Dear Mr Cornwell,
I’ve just finished re-reading the Warlord Chronicles and have been no less moved by the ending a second time around. Thanks for writing such great books!
Did Merlin really teach Nimue what he understood to be magic, or just his tricks? Did he know he was a charlatan, deep down? I think so, and that is what stayed his hand at Maiden Castle. He knew the son of Arthur wasn’t worth a conjuring trick. He knew the gods wouldn’t arrive. How to use the weather as an omen. As she kills Merlin, she points to the west with his staff – just as Merlin had instructed (taught) Derfel to do when they were besieged on Anglesey.
All that said, though, I really want to believe in Merlins last enchantment, and I tell myself that I do – I choose to believe that Prydwan did sail for Avalon, and that Arthur survived his wounds. I shun reason, which would say that the mist was yet another coincidence, and that the boat most probably sank somewhere in the channel, taking all on board with it.
It seems to me that while the Britons were awaiting the arrival of the Gods, they were ignoring the fact that a pantheon of powerful gods HAD arrived in Britain. Not Christ or Isis, Beltain or Mithras – But Arthur and Derfel, Galahad and Sagramor, Lancelot and Guinevere. All were variously as powerful, influential, capricious and flawed as any pantheon. Arthur certainly has many messianic qualities, and Derfel is as just and true as any God or hero in mythology. Indeed, I don’t believe he ever broke a single oath, except of course his oath to Nimue – which I don’t think he couldn’t rightly keep any longer.

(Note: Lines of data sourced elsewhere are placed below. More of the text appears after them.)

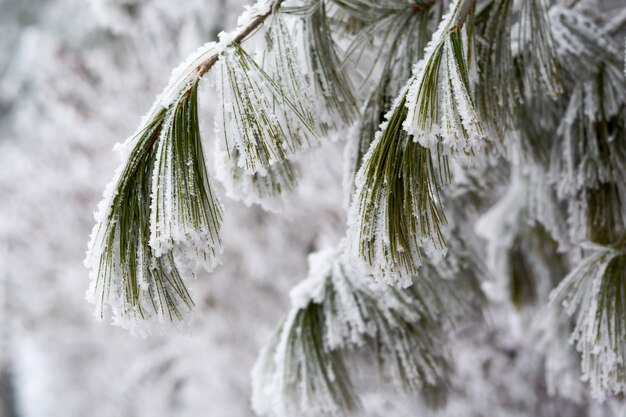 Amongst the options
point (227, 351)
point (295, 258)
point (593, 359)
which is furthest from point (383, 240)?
point (227, 351)

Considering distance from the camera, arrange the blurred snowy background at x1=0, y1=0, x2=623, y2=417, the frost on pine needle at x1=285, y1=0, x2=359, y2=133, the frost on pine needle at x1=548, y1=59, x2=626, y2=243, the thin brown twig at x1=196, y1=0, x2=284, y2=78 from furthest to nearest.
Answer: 1. the blurred snowy background at x1=0, y1=0, x2=623, y2=417
2. the frost on pine needle at x1=548, y1=59, x2=626, y2=243
3. the frost on pine needle at x1=285, y1=0, x2=359, y2=133
4. the thin brown twig at x1=196, y1=0, x2=284, y2=78

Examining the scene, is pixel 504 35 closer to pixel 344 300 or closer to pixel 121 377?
pixel 344 300

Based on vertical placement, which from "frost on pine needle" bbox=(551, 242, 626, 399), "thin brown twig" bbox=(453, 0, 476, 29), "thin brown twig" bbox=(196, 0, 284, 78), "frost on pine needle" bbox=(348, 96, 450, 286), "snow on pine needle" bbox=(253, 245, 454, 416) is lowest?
"frost on pine needle" bbox=(551, 242, 626, 399)

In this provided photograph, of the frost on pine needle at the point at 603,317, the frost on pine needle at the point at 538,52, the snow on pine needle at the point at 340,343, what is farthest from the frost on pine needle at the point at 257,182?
the frost on pine needle at the point at 603,317

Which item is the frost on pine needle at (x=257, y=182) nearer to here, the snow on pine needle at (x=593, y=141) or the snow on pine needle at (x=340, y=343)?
the snow on pine needle at (x=340, y=343)

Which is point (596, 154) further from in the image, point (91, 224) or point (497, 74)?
point (91, 224)

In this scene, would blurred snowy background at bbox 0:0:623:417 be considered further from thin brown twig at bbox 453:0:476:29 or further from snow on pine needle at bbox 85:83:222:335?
snow on pine needle at bbox 85:83:222:335

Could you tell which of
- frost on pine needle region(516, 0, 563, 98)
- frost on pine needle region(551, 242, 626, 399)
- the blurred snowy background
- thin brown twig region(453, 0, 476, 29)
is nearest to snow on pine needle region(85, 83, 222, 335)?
thin brown twig region(453, 0, 476, 29)
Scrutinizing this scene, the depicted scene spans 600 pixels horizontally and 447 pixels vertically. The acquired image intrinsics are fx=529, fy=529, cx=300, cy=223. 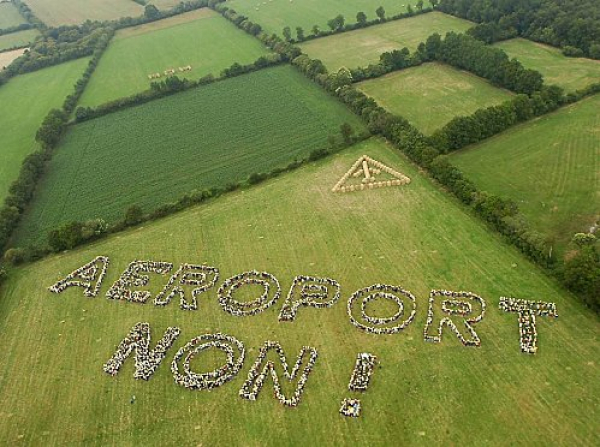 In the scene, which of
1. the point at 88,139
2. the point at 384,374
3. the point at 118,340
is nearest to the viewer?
the point at 384,374

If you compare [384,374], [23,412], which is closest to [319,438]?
[384,374]

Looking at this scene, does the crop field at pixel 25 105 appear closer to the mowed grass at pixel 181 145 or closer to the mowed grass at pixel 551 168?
the mowed grass at pixel 181 145

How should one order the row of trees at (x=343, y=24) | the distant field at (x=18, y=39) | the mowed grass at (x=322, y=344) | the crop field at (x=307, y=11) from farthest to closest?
the distant field at (x=18, y=39)
the crop field at (x=307, y=11)
the row of trees at (x=343, y=24)
the mowed grass at (x=322, y=344)

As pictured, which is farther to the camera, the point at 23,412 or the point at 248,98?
the point at 248,98

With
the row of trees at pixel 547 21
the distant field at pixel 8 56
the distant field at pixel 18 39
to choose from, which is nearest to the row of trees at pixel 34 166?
the distant field at pixel 8 56

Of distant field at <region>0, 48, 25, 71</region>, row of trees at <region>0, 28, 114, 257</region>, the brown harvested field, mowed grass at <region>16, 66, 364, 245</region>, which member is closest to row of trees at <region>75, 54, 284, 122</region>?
mowed grass at <region>16, 66, 364, 245</region>

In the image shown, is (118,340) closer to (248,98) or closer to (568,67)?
(248,98)

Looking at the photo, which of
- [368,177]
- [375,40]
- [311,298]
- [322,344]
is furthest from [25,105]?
[322,344] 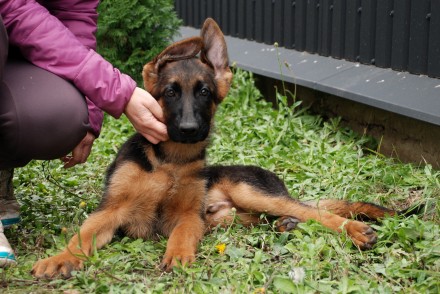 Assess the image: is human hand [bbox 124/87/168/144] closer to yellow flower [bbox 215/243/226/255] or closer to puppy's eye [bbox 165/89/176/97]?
puppy's eye [bbox 165/89/176/97]

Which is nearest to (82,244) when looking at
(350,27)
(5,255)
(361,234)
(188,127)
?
(5,255)

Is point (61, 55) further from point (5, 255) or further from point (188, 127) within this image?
point (5, 255)

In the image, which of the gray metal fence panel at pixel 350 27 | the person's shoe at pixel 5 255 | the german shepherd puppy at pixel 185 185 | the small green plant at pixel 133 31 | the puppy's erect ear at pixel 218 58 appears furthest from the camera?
the small green plant at pixel 133 31

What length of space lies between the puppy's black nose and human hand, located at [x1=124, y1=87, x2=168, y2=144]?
0.52 ft

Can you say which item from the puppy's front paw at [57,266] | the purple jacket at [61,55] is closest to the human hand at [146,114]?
the purple jacket at [61,55]

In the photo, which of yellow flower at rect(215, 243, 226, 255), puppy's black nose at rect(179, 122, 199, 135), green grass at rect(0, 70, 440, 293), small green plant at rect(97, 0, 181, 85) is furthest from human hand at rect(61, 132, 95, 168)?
small green plant at rect(97, 0, 181, 85)

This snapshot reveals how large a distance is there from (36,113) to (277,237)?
5.27ft

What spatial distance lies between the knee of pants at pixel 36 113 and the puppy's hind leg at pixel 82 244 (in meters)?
0.48

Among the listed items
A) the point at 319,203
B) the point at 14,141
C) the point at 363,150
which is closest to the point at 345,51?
the point at 363,150

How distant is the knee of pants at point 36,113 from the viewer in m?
4.26

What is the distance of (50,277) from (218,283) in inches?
34.3

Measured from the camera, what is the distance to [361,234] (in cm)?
443

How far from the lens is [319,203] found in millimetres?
5043

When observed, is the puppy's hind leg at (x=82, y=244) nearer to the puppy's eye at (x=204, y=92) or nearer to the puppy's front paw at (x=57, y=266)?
the puppy's front paw at (x=57, y=266) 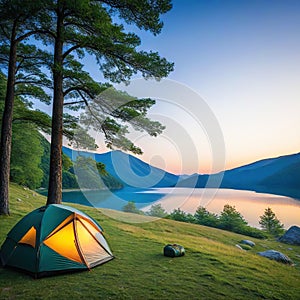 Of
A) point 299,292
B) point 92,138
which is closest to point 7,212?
point 92,138

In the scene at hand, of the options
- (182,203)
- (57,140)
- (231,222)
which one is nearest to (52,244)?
(57,140)

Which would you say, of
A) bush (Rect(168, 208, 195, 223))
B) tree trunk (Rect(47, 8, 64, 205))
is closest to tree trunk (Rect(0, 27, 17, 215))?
tree trunk (Rect(47, 8, 64, 205))

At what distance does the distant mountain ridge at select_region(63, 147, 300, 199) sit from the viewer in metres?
14.1

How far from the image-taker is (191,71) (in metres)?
21.9

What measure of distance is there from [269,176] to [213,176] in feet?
480

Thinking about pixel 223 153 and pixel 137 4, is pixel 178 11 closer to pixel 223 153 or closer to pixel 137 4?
pixel 137 4

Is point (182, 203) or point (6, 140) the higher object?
point (6, 140)

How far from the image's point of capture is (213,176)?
16312 mm

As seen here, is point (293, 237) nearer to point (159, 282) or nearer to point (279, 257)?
point (279, 257)

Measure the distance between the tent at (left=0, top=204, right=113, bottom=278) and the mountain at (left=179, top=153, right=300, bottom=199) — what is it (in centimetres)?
11891

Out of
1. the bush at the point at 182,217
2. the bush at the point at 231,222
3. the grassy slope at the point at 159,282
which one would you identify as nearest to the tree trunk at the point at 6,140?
the grassy slope at the point at 159,282

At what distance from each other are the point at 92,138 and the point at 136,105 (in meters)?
3.40

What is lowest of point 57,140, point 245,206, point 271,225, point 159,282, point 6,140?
point 245,206

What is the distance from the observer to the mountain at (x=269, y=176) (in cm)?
11459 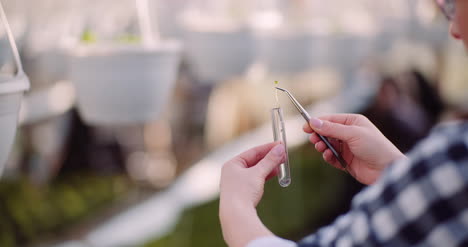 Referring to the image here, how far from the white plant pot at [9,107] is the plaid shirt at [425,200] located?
284 mm

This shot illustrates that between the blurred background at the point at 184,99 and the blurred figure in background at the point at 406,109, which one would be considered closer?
the blurred background at the point at 184,99

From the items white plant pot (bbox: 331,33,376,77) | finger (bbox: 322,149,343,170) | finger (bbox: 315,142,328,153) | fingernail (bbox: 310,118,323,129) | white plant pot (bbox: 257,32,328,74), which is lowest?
white plant pot (bbox: 331,33,376,77)

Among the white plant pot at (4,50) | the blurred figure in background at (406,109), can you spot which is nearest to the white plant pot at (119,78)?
the white plant pot at (4,50)

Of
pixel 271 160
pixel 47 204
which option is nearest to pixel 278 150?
pixel 271 160

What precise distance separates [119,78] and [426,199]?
0.45 metres

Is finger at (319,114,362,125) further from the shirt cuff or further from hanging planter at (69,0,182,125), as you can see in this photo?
hanging planter at (69,0,182,125)

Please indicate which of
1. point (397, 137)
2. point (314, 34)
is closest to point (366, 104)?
point (397, 137)

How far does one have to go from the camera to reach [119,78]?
2.17ft

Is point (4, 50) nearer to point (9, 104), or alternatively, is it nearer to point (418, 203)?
point (9, 104)

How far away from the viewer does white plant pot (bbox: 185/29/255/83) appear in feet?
2.80

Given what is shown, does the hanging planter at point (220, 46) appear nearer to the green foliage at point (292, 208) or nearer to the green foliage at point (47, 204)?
the green foliage at point (47, 204)

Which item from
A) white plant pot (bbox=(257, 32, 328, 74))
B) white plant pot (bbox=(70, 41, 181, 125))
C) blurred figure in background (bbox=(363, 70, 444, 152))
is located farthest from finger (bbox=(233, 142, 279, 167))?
blurred figure in background (bbox=(363, 70, 444, 152))

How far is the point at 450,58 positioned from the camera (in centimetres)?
201

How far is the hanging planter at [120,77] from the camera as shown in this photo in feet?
2.15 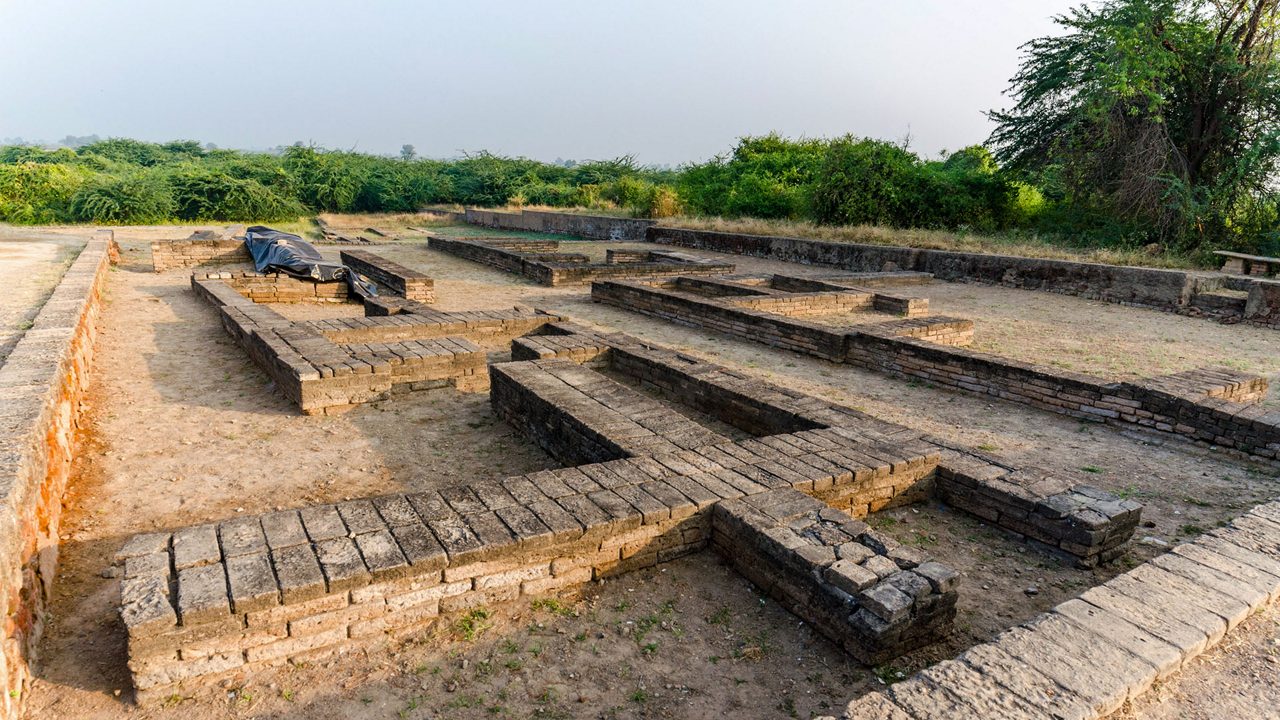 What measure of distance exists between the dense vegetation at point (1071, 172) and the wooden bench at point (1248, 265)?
155 cm

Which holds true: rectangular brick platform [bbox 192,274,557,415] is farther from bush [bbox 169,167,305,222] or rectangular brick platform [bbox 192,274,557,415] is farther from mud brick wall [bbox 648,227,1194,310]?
bush [bbox 169,167,305,222]

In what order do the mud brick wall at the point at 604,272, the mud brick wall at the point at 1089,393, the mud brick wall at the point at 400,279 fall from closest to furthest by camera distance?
the mud brick wall at the point at 1089,393, the mud brick wall at the point at 400,279, the mud brick wall at the point at 604,272

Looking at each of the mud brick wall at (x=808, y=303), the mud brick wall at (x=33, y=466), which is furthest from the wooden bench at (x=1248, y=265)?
the mud brick wall at (x=33, y=466)

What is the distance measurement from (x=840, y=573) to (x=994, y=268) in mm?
12129

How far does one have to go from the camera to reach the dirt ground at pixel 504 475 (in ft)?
7.85

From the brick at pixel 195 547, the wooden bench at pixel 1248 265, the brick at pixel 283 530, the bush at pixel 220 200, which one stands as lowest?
the brick at pixel 195 547

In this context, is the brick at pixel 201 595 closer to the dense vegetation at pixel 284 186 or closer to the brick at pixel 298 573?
the brick at pixel 298 573

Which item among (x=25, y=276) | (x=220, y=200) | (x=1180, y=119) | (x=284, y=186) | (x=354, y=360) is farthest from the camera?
(x=284, y=186)

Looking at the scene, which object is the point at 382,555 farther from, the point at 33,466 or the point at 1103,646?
the point at 1103,646

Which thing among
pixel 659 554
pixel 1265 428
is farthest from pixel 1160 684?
pixel 1265 428

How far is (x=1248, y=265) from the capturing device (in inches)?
489

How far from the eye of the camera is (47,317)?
627 cm

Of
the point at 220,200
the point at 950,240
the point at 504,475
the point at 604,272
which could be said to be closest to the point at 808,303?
the point at 604,272

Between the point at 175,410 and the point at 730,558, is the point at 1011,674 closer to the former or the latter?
the point at 730,558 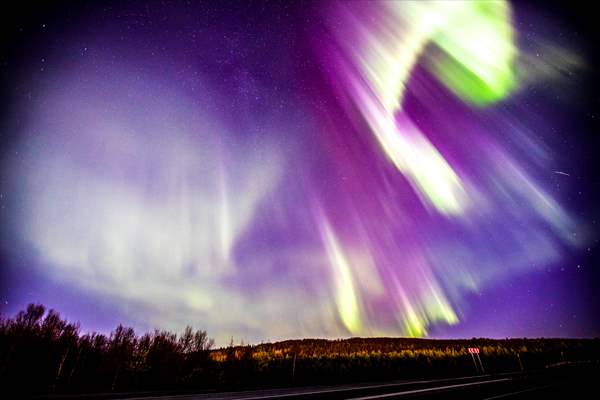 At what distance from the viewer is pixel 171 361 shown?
41.3 m

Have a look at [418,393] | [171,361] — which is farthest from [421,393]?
[171,361]

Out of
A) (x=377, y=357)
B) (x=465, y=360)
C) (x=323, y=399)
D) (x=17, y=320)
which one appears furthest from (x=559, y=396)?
(x=17, y=320)

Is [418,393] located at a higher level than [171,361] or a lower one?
higher

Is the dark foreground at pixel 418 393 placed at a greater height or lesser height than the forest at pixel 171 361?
Result: greater

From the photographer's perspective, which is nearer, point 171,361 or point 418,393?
point 418,393

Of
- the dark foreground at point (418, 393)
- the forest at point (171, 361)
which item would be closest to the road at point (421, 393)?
the dark foreground at point (418, 393)

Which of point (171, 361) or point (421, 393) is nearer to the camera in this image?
point (421, 393)

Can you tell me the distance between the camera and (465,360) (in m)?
33.9

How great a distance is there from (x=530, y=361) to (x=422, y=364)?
19.3 meters

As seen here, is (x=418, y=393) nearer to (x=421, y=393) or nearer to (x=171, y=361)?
(x=421, y=393)

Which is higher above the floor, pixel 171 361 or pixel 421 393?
pixel 421 393

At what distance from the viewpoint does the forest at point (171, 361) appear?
27547mm

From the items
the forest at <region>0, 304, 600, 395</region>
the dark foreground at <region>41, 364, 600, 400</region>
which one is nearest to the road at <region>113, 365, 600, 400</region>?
the dark foreground at <region>41, 364, 600, 400</region>

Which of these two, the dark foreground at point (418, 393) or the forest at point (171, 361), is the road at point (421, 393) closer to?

Derfel kept his oath to serve Samsun until his dying day; I think it would be fitting if his final duty – to guard the monastery at Dinnewrac against the Saxons or other intruders, bearing Hywelbane one last time – was how he achieved sainthood. This would be ahistorical of course, as the ‘real’ Saint Defel supposedly died of natural causes.
Anyway, I found a copy of Harlequin the other day so I think I’ll give that series a go! I have no doubt I’ll enjoy it as much as your other work.